Solidarität mit dem Kita-Streik! Jetzt erst Recht!
Trotz der medialen Hetze gibt es viel Solidarität. Eltern, Lehrer:innen oder andere Kolleg:innen sozialer Berufe: Sie alle erleben die tägliche Misere und unterstützen den Streik! Es haben sich Eltern in der Initiative „Einhorn sucht Bildung“ zusammengetan. Am 27. September gab es eine Demonstration der Initiative. Die Personalversammlung der Lehrkräfte in Neukölln hat ein großes Solidaritätsfoto gemacht und „Care Revolution Berlin“ versucht verschiedene Initiativen zu vernetzen. Bei anderen Kita-Trägern sieht es doch mit den Bedingungen auch nicht besser aus.
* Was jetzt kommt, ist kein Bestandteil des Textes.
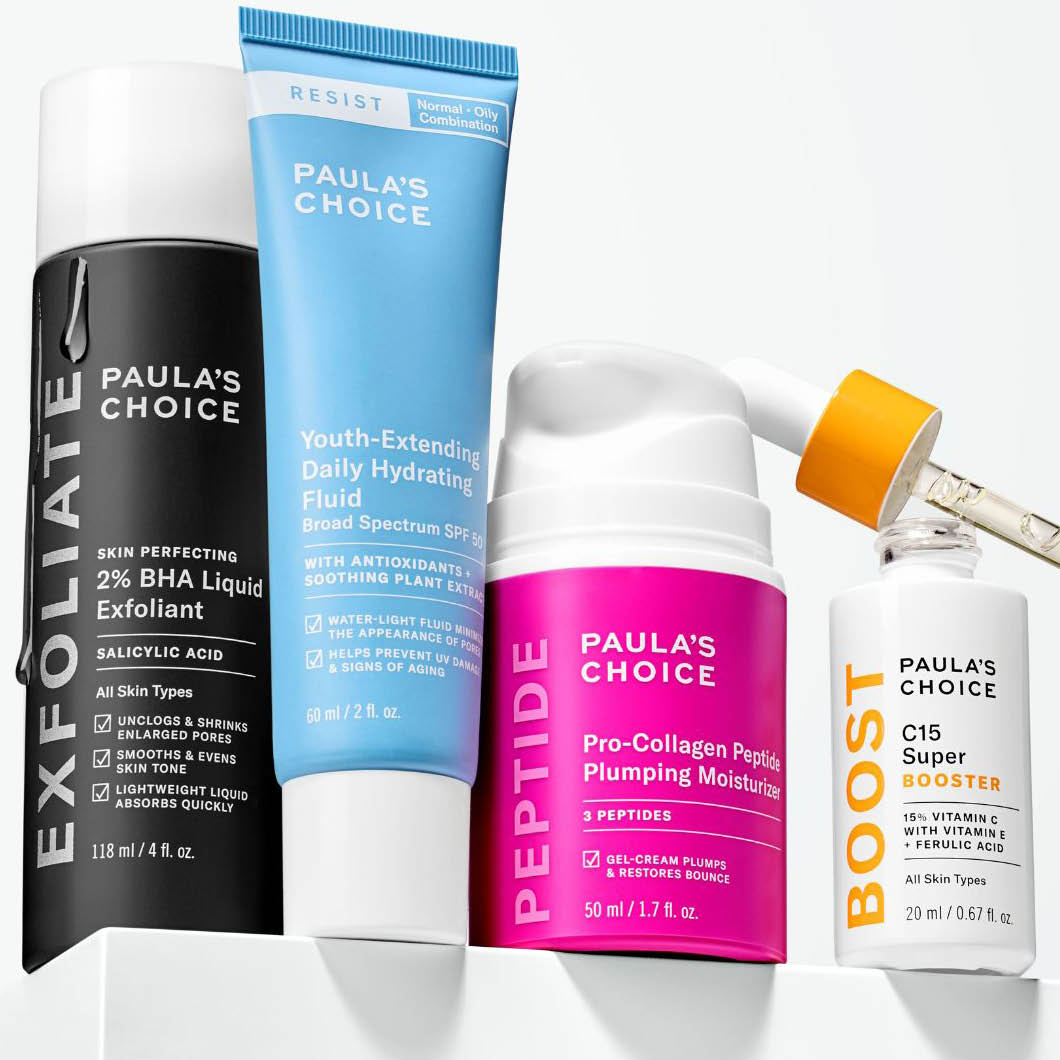 Fire hudpleieprodukter fra Paula’s Choice står på en hvit overflate: “Skin Perfecting 2% BHA Liquid Exfoliant”, “Youth-Extending Daily Hydrating Fluid SPF 50”, “Pro-Collagen Peptide Plumping Moisturizer” og “C15 Super Booster”. En pipette påfører serum i flasken.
Entlastung ist ein Thema, welches uns alle betrifft und deswegen ist die Solidarität so wichtig. Für die Kita-Beschäftigten stellen sich jetzt viele Fragen: Die erste ist, wie es weitergeht. Um Verhandlungen betteln ist jedenfalls eine schlechte Option. Man kann sich schlecht vorstellen, dass die Kita-Beschäftigten, die jeden Tag so viel Energie und Kreativität bei der Betreuung der Kinder an den Tag legen, nicht auch viele Ideen entwickeln, um sich Gehör zu verschaffen für die eigenen Forderungen. Und ganz sicher gibt es dabei viele Verbündete.